Toch kun je niet altijd de lijnen rechtstreeks trekken tussen de letteren en de algemene cultuur van een samenleving. Want de ontluisterende visie van een auteur als Grunberg lijkt haaks te staan op het ‘dikke ik’ en het grenzeloze egocentrisme dat volgens cultuursociologen typerend zou zijn voor de westerse mens. Het beeld van de mens als onaantastbaar, ‘heilig’ individu, zit sterk in onze westerse cultuur. Gezag van buitenaf wordt gewantrouwd; waarden die ons te boven gaan, wijzen we af als ze tegen onze hoogst authentieke verlangens indruisen. Vooral sinds de jaren zestig is een zogeheten authenticiteitsideaal in zwang geraakt, dat het nog altijd goed uithoudt.
Ook een romanauteur als P.F. Thomése maakt gehakt van het ideaal van persoonlijke zelfexpressie in zijn in 2011 verschenen roman De weldoener. Hoofdpersoon in deze roman is de Haarlemse musicus Sierk Wolffensberger. Hij beseft dat niemand zijn talent erkent, maar in de beschutting van zijn ego waant hij zich geniaal: ‘Alleen van binnen leeft hij waarlijk, in dat donkere hol waar niemand hem weet te vinden. Daar, in zijn soevereine, door niets en niemand aan te tasten innerlijk, gloeit en schroeit zijn ziel tot in het hoogste register.’
Bij toeval ontdekt Wolffensberger een meisje dat weggelopen is en de wanhoop nabij. Hij ontfermt zich over haar, biedt bescherming en reist aan het slot van de roman met haar naar een vakantiehuisje in de bergen. Wolffensberger beschouwt zich als een weldoener: hij redt het meisje van de ondergang.
Maar ook in zijn muziek zal hij een weldoener zijn, als hij maar een keer kan excelleren en zijn creatieve kern tot volledige ontplooiing kan brengen. Zijn succes zal heil betekenen, voor hem en voor de mensheid.
Het is opvallend dat Thomése deze Wolffensberger over zichzelf laat nadenken in romantische termen én in beelden die aan het christendom ontleend zijn. De weg waarlangs zijn ideaal tot gelding moet komen, is de uitdrukking van zijn heilige, creatieve kern – een ‘dik ik’ van jewelste. Uit de manier waarop Thomése hem neerzet, is duidelijk dat hij de spot drijft met dit doorgeslagen streven naar authenticiteit. Hij laat aan het slot van de roman zijn beide romanpersonages een grote hoogte bereiken, in letterlijke zin: ze belanden in de bergen. Maar daar gaapt ook de afgrond, waarin alle hooggestemdheid verdwijnt.

Hoogmoedige waan
Het interessante van deze roman zit vooral in de ontmaskering van het streven naar authenticiteit. De cultus van het ego blijkt een doodlopende weg, een hoogmoedige waan. De kerk kan daarover nog wel een paar andere dingen vertellen, maar het mag wel opvallend heten dat de dromen van Kloos niet alleen door dominees naar de prullenbak worden verwezen.

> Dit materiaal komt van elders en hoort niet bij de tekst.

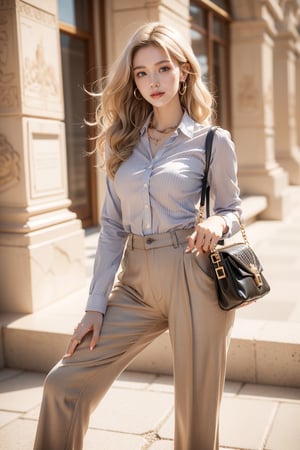 Louvre museum in Paris,16 yo,beautiful girl,fashion model,very long hair,curly hair,grey blonde hair,tall,slim body,wearing striped long sleeve collared shirts, long beige pants and heels,shoulder bag,tiny necklace,smile,Best Quality, 32k, photorealistic, ultra-detailed, finely detailed, high resolution, perfect dynamic composition, beautiful detailed eyes, sharp-focus, cowboy shot,perfect legs,Fantasy detailers,Casual dress,Bohemian fashion,Western fashion,Realistic,Hyper detailed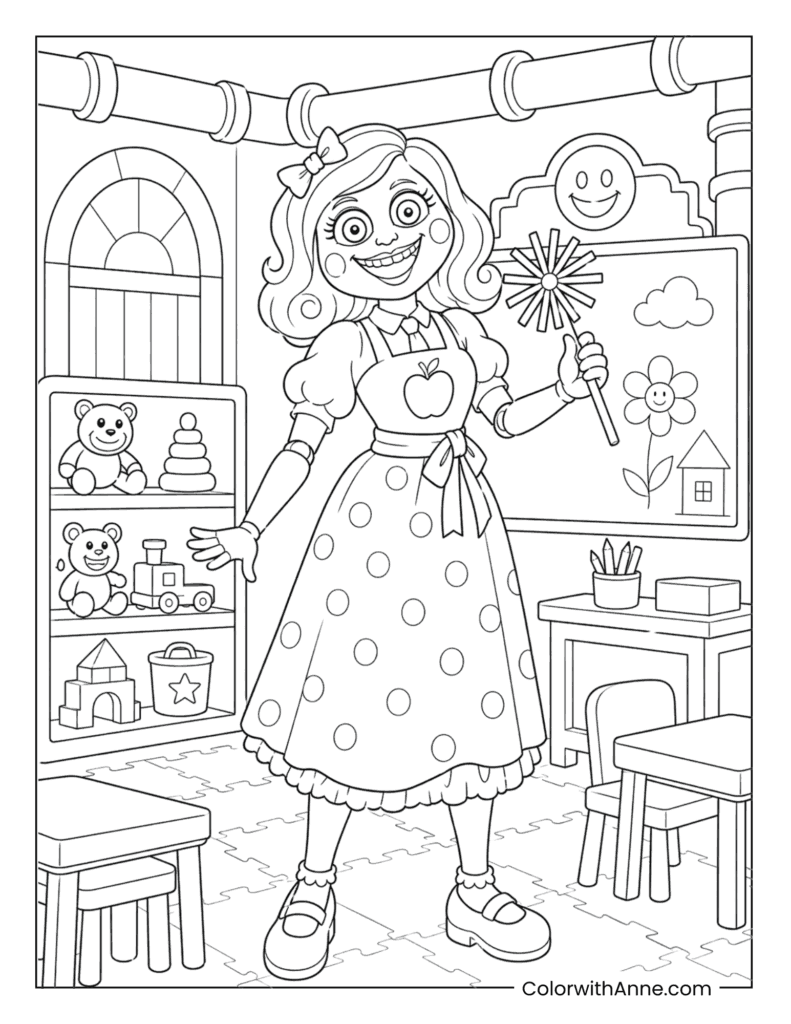 Miss Delight Playroom Classroom Coloring Page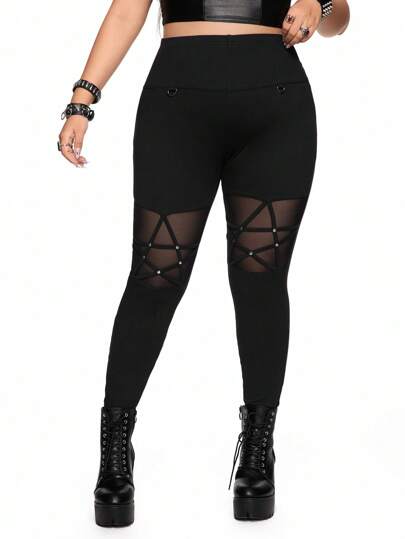 Plus Size Gothic Pentagram Rivet Mesh Splicing Skinny Stretch Pants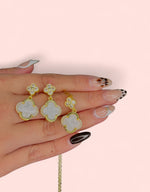 Load image into Gallery viewer, Luxe Clover Zicron Stainless Steel Necklace and Earrings Set: Black and White
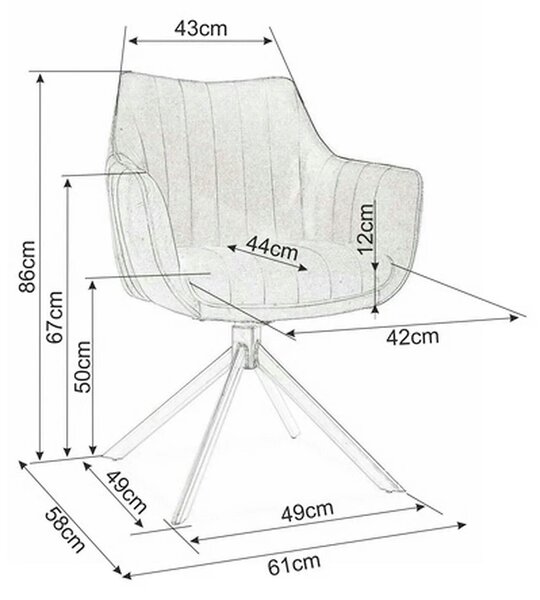 Scaun living rotativ AZALIA, albastru/negru, stofa catifelata/metal, 6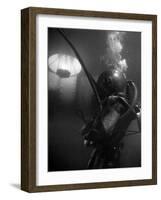 Diver Wearing Deep Sea Diving Suit in the Water-null-Framed Photographic Print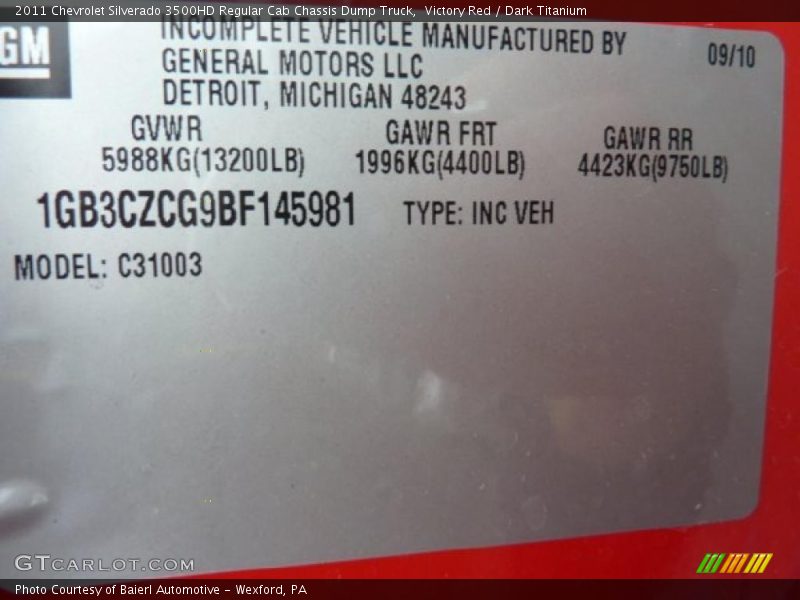 Victory Red / Dark Titanium 2011 Chevrolet Silverado 3500HD Regular Cab Chassis Dump Truck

Volgende week zoomt de auteur in op werk van Philip Roth.

Dit artikel werd u aangeboden door: de Gereformeerde Bond

Deze tekst is geautomatiseerd gemaakt en kan nog fouten bevatten. Digibron werkt voortdurend aan correctie. Klik voor het origineel door naar de pdf. Voor opmerkingen, vragen, informatie: contact.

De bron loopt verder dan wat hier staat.